Besides, the seismic response of the CSB subjected to non-uniform excitation are studied. It should be noted that the non-uniform excitation in this paper only considers wave passage effects, while local site effects and incoherence effects are not considered. In the test, the wave passage effect is realized by the time delay (dt) between two tables, shown in Figure 10.

The delay time dt can be calculated by following formula:

$$dt=\frac{L}{v_{app}}\cdot S_t$$

(1)

L stands for the distance of two points; V_app stands for the apparent wave velocity. In this paper, different V_app is studied, such as 480 m/s, 240 m/s and 120 m/s; S_t stands for the similitude ratios of time, that is 0.0707 in table 2. As the main span of the CSB is 680 m, delay time dt in the test is calculated as 0.1 s, 0.2 s and 0.4 s, listed in

Table 4. The shake table test cases.

Test cases	Uniform Excitation		Non-Uniform Excitation
	Case1	Case2	Case3	Case4	Case5	Case6	Case7	Case8
Exctation	ScEL	ScTCU	ScEL	ScEL	ScEL	ScTCU	ScTCU	ScTCU
delay time (dt)	0 s	0 s	0.1 s	0.2 s	0.4 s	0.1 s	0.2 s	0.4 s

.

As mentioned above, the ScEL and ScTCU are adopted as input motions for comparing the different seismic responses due to the NNF the PNF motion. Table 4 shows the shake table test cases.

4. Seismic Response of CSBs Under Uniform Excitations

4.1. Reproduction Validation for Uniform Excitations

Figure 11a shows the accelerations recorded on the shake tables under the uniform excitation of ScEL. It shows the longitudinal movement of both tables are in the same order. Figure 11b shows the acceleration Fourier amplitudes comparison of the two tables. The result indicates the identical Fourier amplitudes distribution of both tables. In the other test cases, similar result can be observed. Generally, the measured data shows shake table system of Fuzhou University has a good reproduction accuracy for earthquake motions.

4.2. Seismic Responses of Towers and Ppiers

4.2.1. Accelerations Responses

In the tests, the accelerometers are assembled on the key nodes of tower, such as on the lower-beam (T2), middle cross-beam (T3) and top node (T4). Figure 12a,b show the longitudinal acceleration responses of tower when subjected to uniform excitation of ScEL and ScTCU. As shown, the acceleration responses time histories of the different nodes are various. However, the peak time seem the same for all nodes. When subjected to NF excitations with same PGA (2.08 m/s²), maximal accelerations subjected to NNF motion (ScEL) seems a little larger than the PNF motion (ScTCU). The phenomenon can be explained by the response Fourier spectrum, such as Figure 13a,b. As operation frequency limitation of the test system, the frequency range of 0~50 Hz are shown in the figures. It is obviously the energy of tower top node (T4) are mainly at 6.9 Hz, 13.8 Hz, 27 Hz, which are close to the frequencies of the 2^nd, 4^th, 5^th modes. Among them, the 2^nd mode dominate the acceleration response of tower top node. However, the response of mid cross beam (T3) has more energy than top node (T4). For f = 6.9 Hz, the peak amplitude is 0.05 m/s² for tower top node, while that is 0.15 m/s² for mid cross beam. In addition, there are an energy crest around 20 Hz, which is close to the frequency of the 5^th mode. In the result, the acceleration response of tower mid cross beam is larger than top node. As shown in Figure 13b, the very similar phenomenon can be found in the tower response subjected to ScTCU.

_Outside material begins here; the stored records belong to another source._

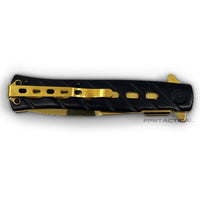Falcon KS1108BG Matte Black and Mirror Gold Grooved Handle Spring Assisted Stiletto Knife 4"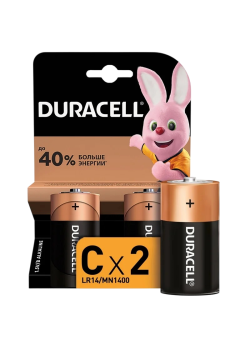 Батарейка C/ Батарейка Duracell Basic LR14 C BL2 Alkaline 1.5V (2/20/10120) (2 шт.)
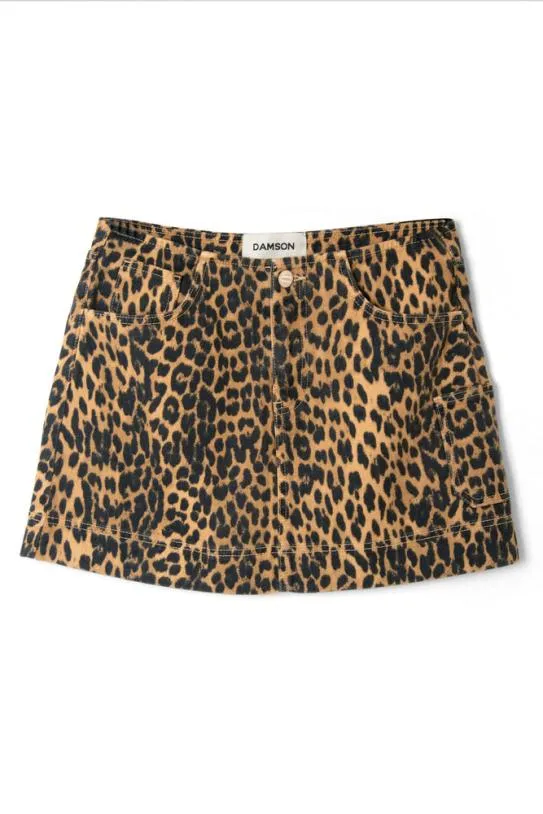 Skirts Women Damson Madder Lily Denim Mini Skirt Leopard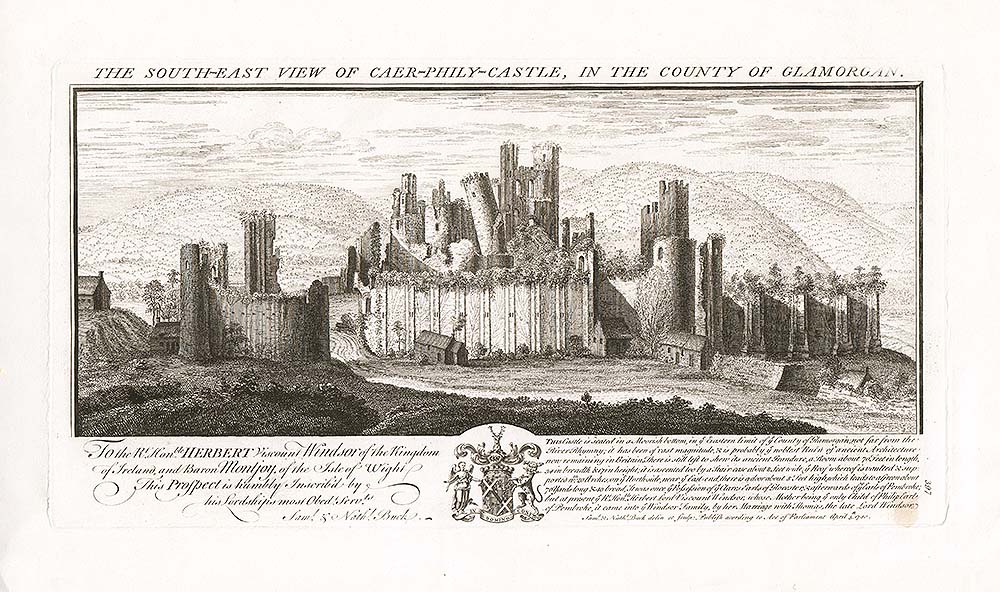 The South East View of Caer Phily Castle, in the County of Glamorgan. 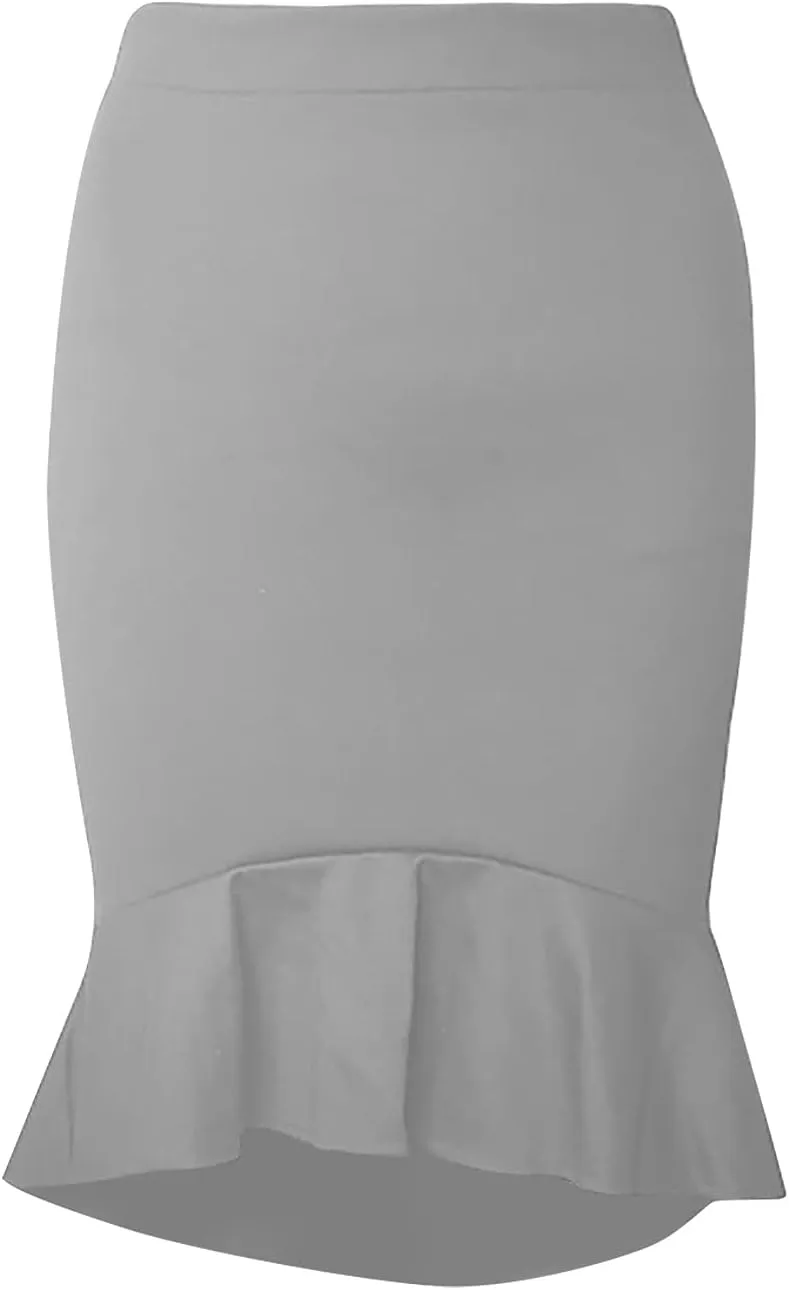 SERYU Women's High Waist Stretchy Ruffle Hem Fishtail Bodycon Midi Pencil Skirt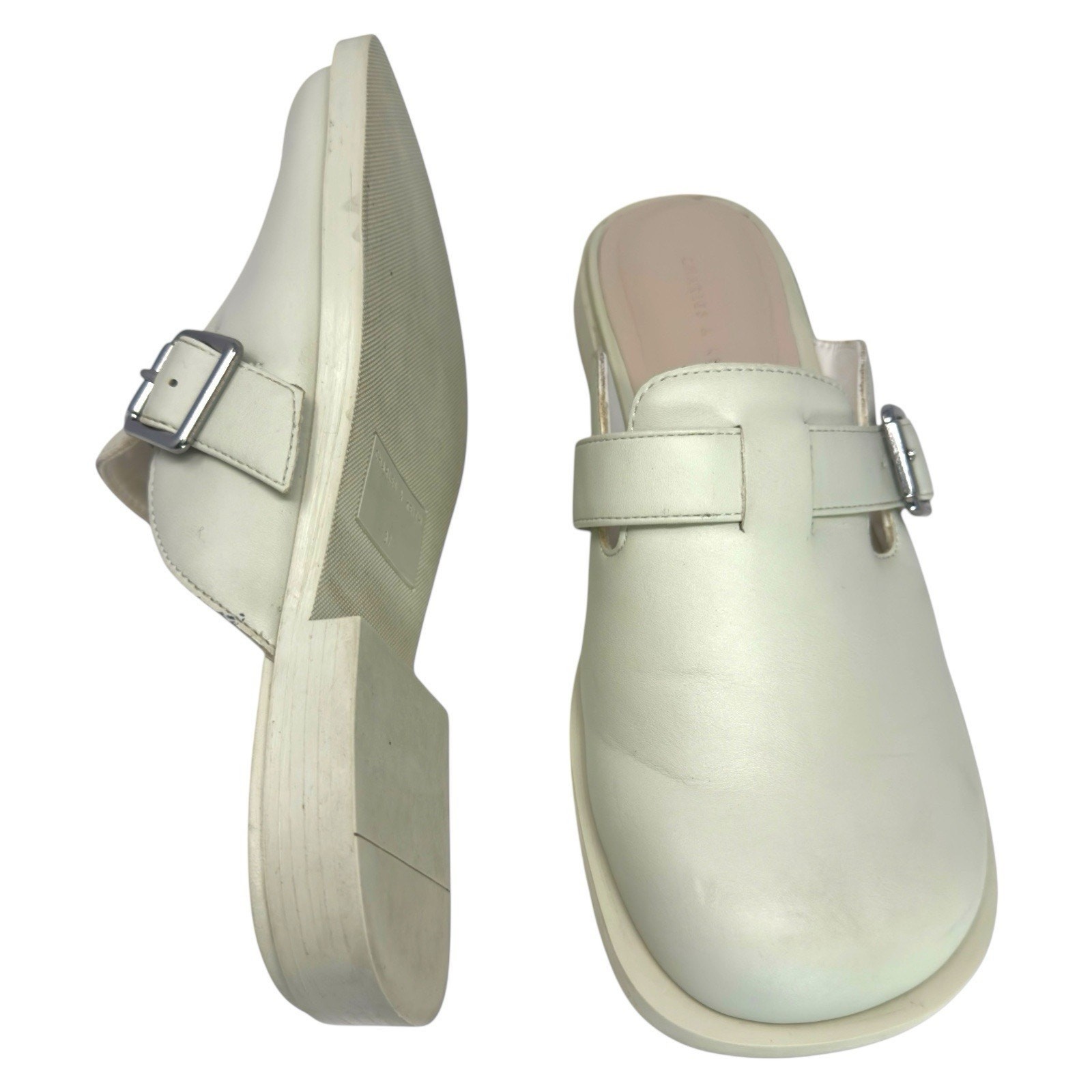 Charles & Keith Leather Mule Clogs Buckle Closed Toe W6 White Casual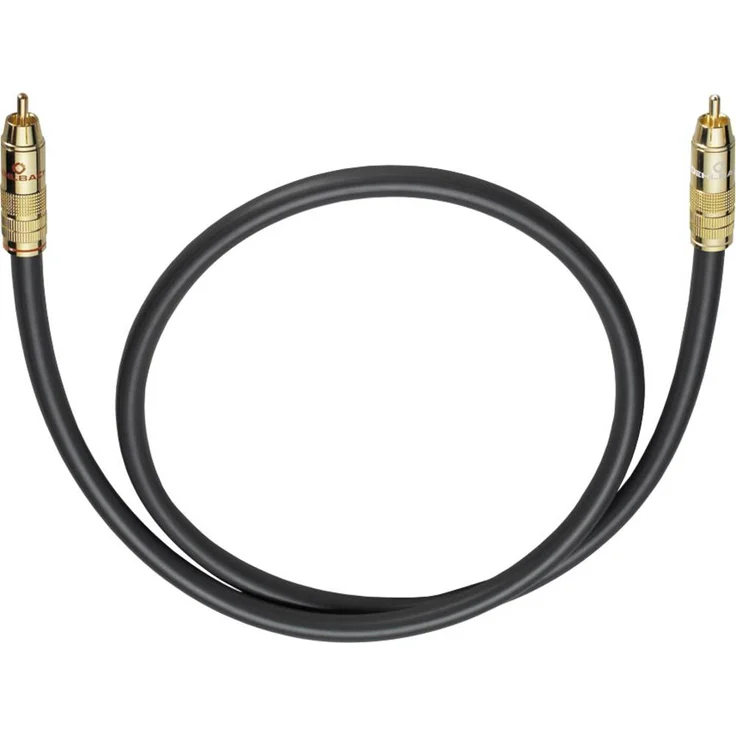 Oehlbach 204503 Audio Anschlusskabel 3.00m, vorkonfektioniertes Subwoofer-Kabel mit 24 Karat vergoldetem Cinch-Stecker, Anthrazit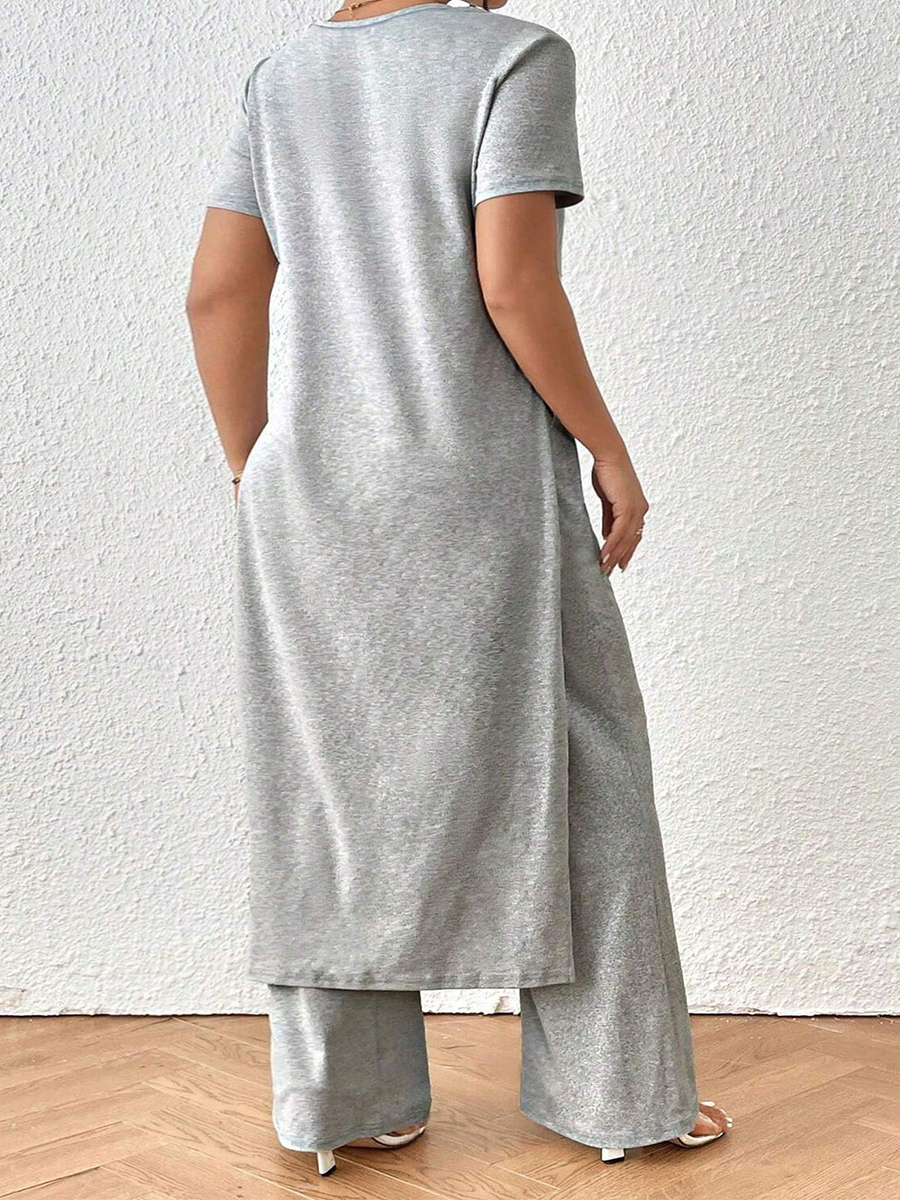 Costume de travail élégant grande taille printemps-été, pull ample à taille décontractée, col rond, manches courtes, couleur unie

Figure 14 shows the maximum tower acceleration distribution of the 3# tower and 4# tower. For the both towers, the maximum acceleration happens on middle cross beam (T3), rather than the tower top node (T4). The reason is the tower top node is effectively restricted by stayed-cables. In the result, the vibration on tower top node always smaller than mid cross beam under the longitudinal excitation. In general, from the point of view of longitudinal seismic response, the tower can be equivalent to a cantilever column with limited restriction on top node. When subjected to the ScEl, the acceleration responses seem a little larger than ScTCU. It should be noted that the acceleration for the same node of the two towers seems a little different. This may come from the manufacturing differences between the two towers or bearings.

4.2.2. Displacements Responses

Figure 15a,b show the absolute displacements of tower subjected to different excitations. As the towers are fixed on the shake table, the recorded movement on node T1 is approximately equal to the input excitation. It is obvious that the displacement of node T2 is similar to the node T1, while the node T3 and T4 are quite different to the base node. The similar phenomenon can be found in displacement responses subjected to the ScTCU in Figure 15b. The displacement response subjected to the ScTCU is significant larger than ScEL.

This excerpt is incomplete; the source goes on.